Yavuz Bingöl manav Mehmet’i değil, sizi aşağıladı

Gözden kaçırmışım... Sosyal medyada önüme düşünce haberdar oldum.

Hürriyet’in arsız tetikçisi Ahmet Hakan Coşkun, Yavuz Bingöl’le ilgili ikinci bir linç girişimi başlatmış... Apartta bekleyen hazımsızlar da “linç kuyruğuna” girmişler

Tartışmaya geç muttali oldum. Ama iyi oldu.

Mesele nedir?

Erdoğan’a küfretmiyorsanız, hele bir de “seçilmiş Başkan” olduğunu söylüyorsanız, ölümlerden ölüm beğenin. Size dünyayı dar ediyorlar.

Bülent Ortaçgil, “Erdoğan yüzde 52 oy aldı, artık bunu kabul edelim”dedi diye, şu an derisi yüzülüyor.

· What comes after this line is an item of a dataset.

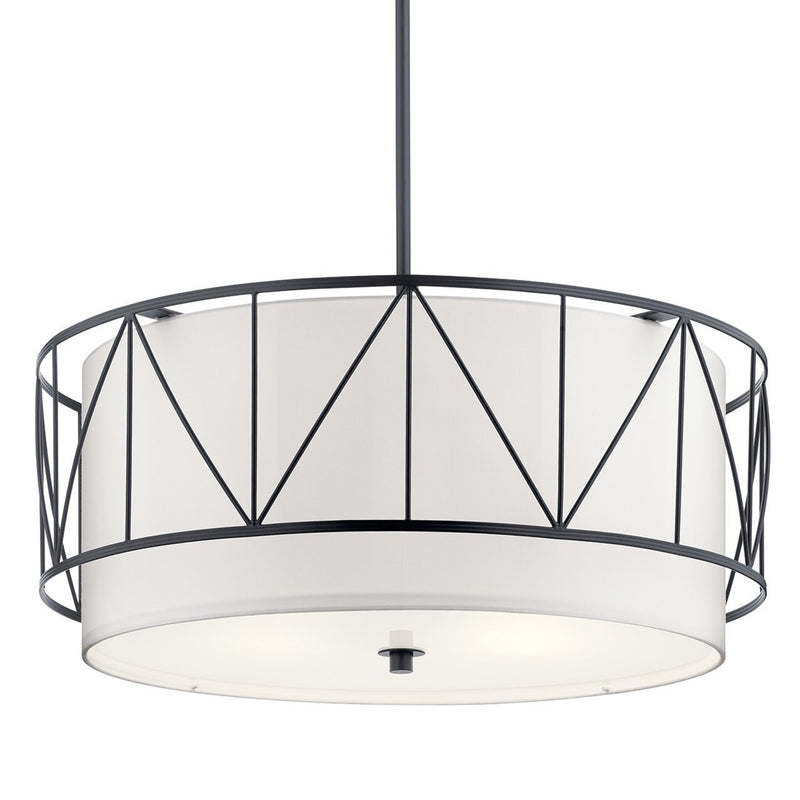 Birkleigh Drum Pendant Black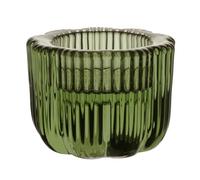 Villeroy & Boch - Fleur Vert bougeoir 2 en 1, résistant au lave-vaisselle, bougeoir en verre bleu pour bougies à chauffe-plat et bougies à tige/bougies piliers, fait main, déco d’intérieur, verre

Mazhar Alanson’un suçu daha büyük: “Korkmayın, laikliğe bir şey olmaz...”

Alanson’a yönelik bombardıman sürüyor.

Bir fasıl da, geçenlerde, romancı Ahmet Ümit’e geçtiler.

Hem Çarşı’cı, hem Gezi’ci, hem devrimci, hem ölümüne Erdoğan karşıtı Ahmet Ümit’in suçu da, “Hep eleştirmeyelim. Eleştirirken, yapılan doğru işleri görelim ve ülkemizi Batı’ya şikâyet etmeyelim” demiş olması.

Şimdi de Yavuz Bingöl...

Tetiği, yukarıda da söylediğim gibi, o arsız oğlan çekiyor. Ertuğrul Özkök ve türdeşleri de arkasından katar oluşturuyor...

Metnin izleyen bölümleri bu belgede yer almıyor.